Кайзвальтер, который вел дело Попова, не сразу проникся симпатией к Пеньковскому и его аристократическим манерам. Силой Кайзвальтера в общении с Поповым была его способность завоевать доверие Попова долгими часами совместной выпивки и разговоров. С Пеньковским и группой из трех человек ему негде было развернуться. Он вынужден был показывать свои знания в вопросах, которые задавал. Его знания о ГРУ были столь обширными в результате допросов Попова, что Пеньковский часто удивлялся, откуда Кайзвальтер все это знает. Однажды он даже пошутил: «Такое может знать только сотрудник ГРУ». То, что Пеньковский не зависел от Кайзвальтера полностью, как Попов, создавало между ними дистанцию. Кайзвальтер часто жаловался Бьюлику, что считает Пеньковского взрывным, романтически настроенным и трудно контролируемым.
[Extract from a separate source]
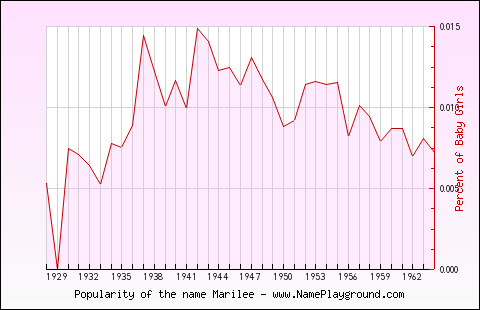 Line chart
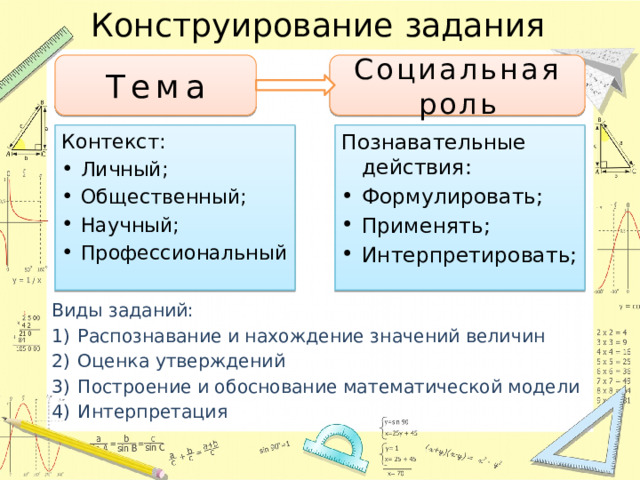Конструирование задания Тема Социальная роль Контекст: Познавательные действия: Личный; Общественный; Научный; Профессиональный Формулировать; Применять; Интерпретировать; Виды заданий: Распознавание и нахождение значений величин Оценка утверждений Построение и обоснование математической модели Интерпретация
Бьюлик чувствовал, что Кайзвальтера унижает положение подчиненного. «Кайзвальтер понимал, что он сам должен был вести Пеньковского после своего успеха с Поповым», — вспоминал Бьюлик{356}.
Пеньковский объяснил, что его отец закончил Варшавский политехнический институт, но у семьи не было прямых связей с Польшей, несмотря на польскую фамилию, происходившую от дальних польских предков.
— Мой отец, из мелкопоместного дворянства, всю свою жизнь провел в Ставрополе, был там известным юристом. Для тех, из разведслужбы, в моем личном деле записано, что мой дед был дворянином, — горько засмеялся Пеньковский. — Свиньи они, в общем-то. Были бы умными, молчали бы об этом. Ну и что тут такого?
— А кем был отец Ленина? — поинтересовался Кайзвальтер, подразумевая, что отец Ленина Илья Ульянов не был рабочим или крестьянином, а тоже принадлежал к мелкопоместному дворянству.
— Что характерно, и вам это надо знать, моя жена ничего не знает о моем отце, я ей не говорил, только моя мать и тетка — сестра моей матери — знают. Моя мать писала объяснительную Шумскому. Ей было восемнадцать, когда она встретила отца, Владимира Флориановича Пеньковского. Вскоре после этого она вышла за него; родился ребенок. Отец часто уезжал. «Он мне говорил, что он инженер; и любому это было ясно, но я ничего не знала о деталях его работы». Так она написала, и у них есть это объяснение. «Может быть, он в чем-то и участвовал — как каждый настоящий мужчина, — его призвали в армию, и он должен был отслужить. Я ничего не знала о его политических взглядах и службе. Он иногда пропадал, уезжал по делам на несколько дней, потому что время было неспокойное, и все мужчины в этом участвовали». В таком духе она писала. Она написала объяснительное письмо очень умно. Шумский прочитал его и сказал: «Нет, нет, не пойдет. Не так ей надо было писать».